Geometry is a critical mathematics course that builds upon the foundational skills developed in Algebra I and introduces students to the study of spatial relationships and logical reasoning. Geometry helps students understand and apply the properties and relationships of points, lines, planes, angles, surfaces, and solids. It serves as an essential bridge between basic arithmetic skills and the higher-level abstract thinking required in advanced mathematics and science courses.
The course emphasizes both visual and analytical problem solving. Students will explore topics such as congruence, similarity, properties of triangles, circles, coordinate geometry, right triangle trigonometry, and transformations.
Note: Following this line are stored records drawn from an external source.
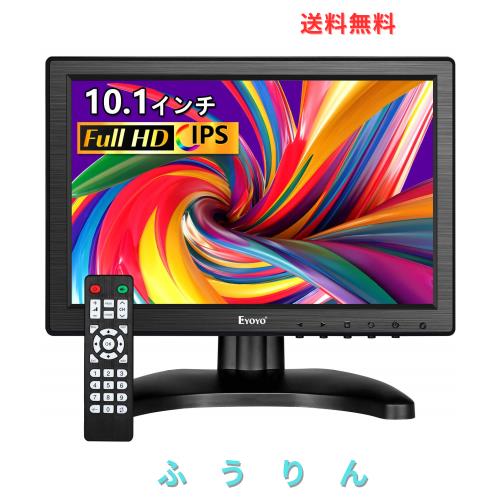 Eyoyo 10.1インチ 液晶 小型 モニター IPS 1280*800 全視野 サブ ディスプレイ スピーカー内蔵HDMI VGA BNC AV 多様接続 モバイル モニタ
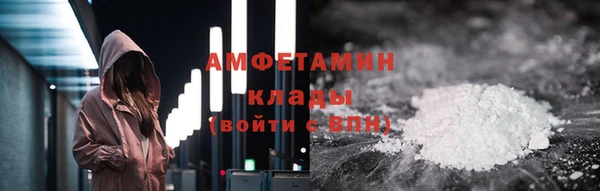 a pvp Абдулино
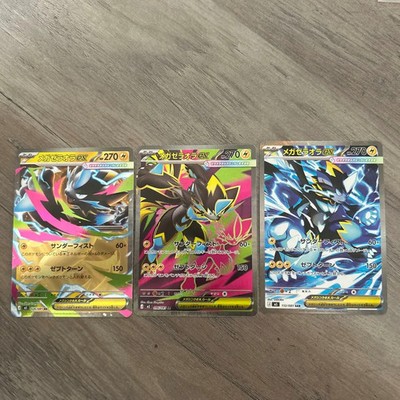 Mega Zeraora ex RR SR SAR Set 026-112/081 Abyss Eye M5 2026 Pokemon Japanese JP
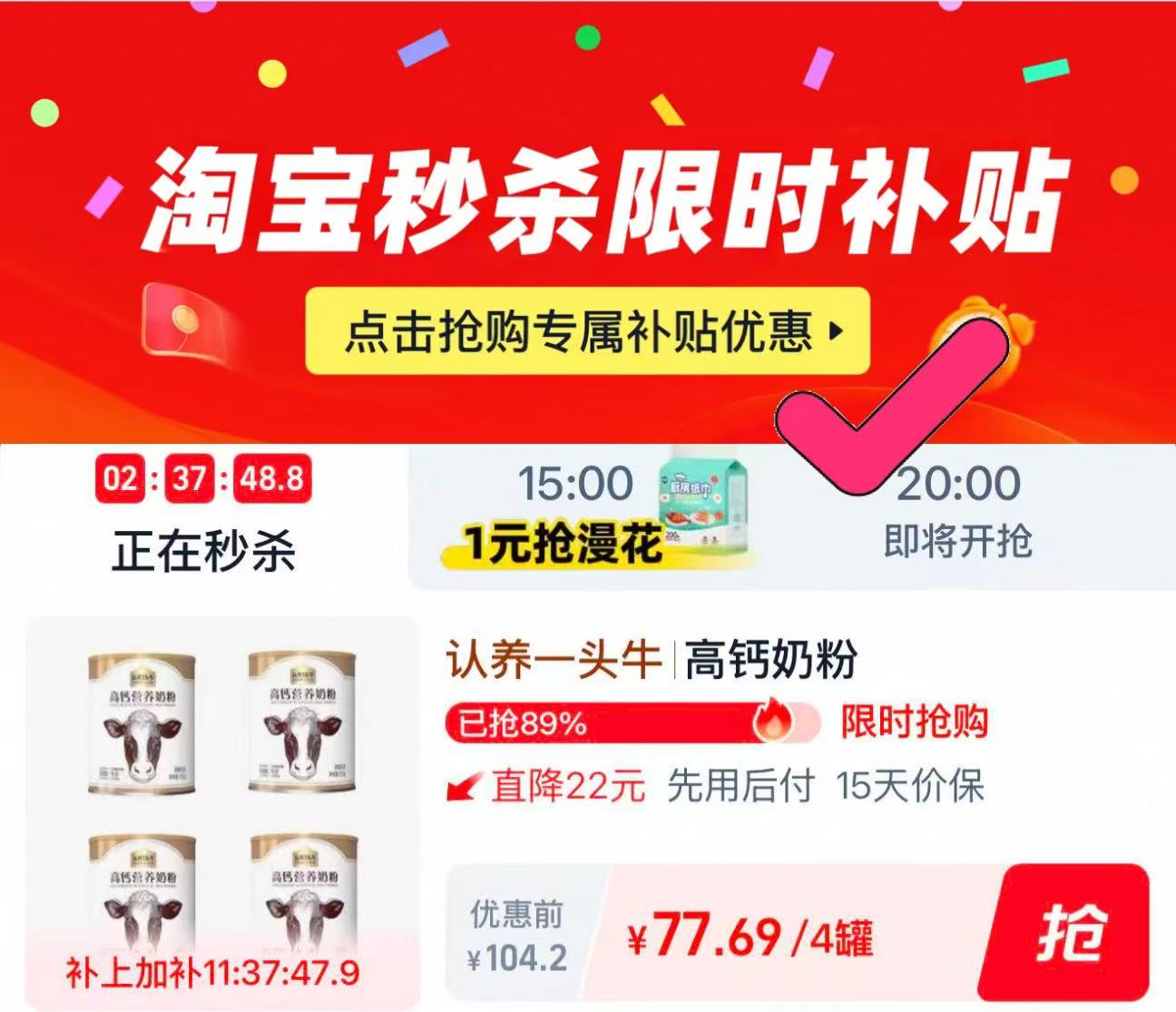 【淘秒补贴】认养一头牛高钙奶粉礼盒4罐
Key learning outcomes include the ability to:
- Construct logical arguments and formal proofs
- Solve problems involving geometric figures and measurements
- Apply coordinate systems to model geometric concepts
- Analyze the properties and relationships of two- and three-dimensional objects
- Explore the connections between geometry and algebra through transformations and coordinate methods
Students cultivate critical thinking by using deductive reasoning, constructing proofs, and validating solutions systematically. Geometry strengthens mathematical communication skills and nurtures the precision needed for success in fields such as computer science, engineering, architecture, and physics.
At 2Sigma School, Geometry is taught through a project-based approach where students engage in investigations, constructions, and modeling activities. Projects may include designing structures using geometric principles, creating scaled models, or exploring the mathematics behind art, design, and navigation systems. Students move beyond rote memorization and learn how geometry applies to the world around them.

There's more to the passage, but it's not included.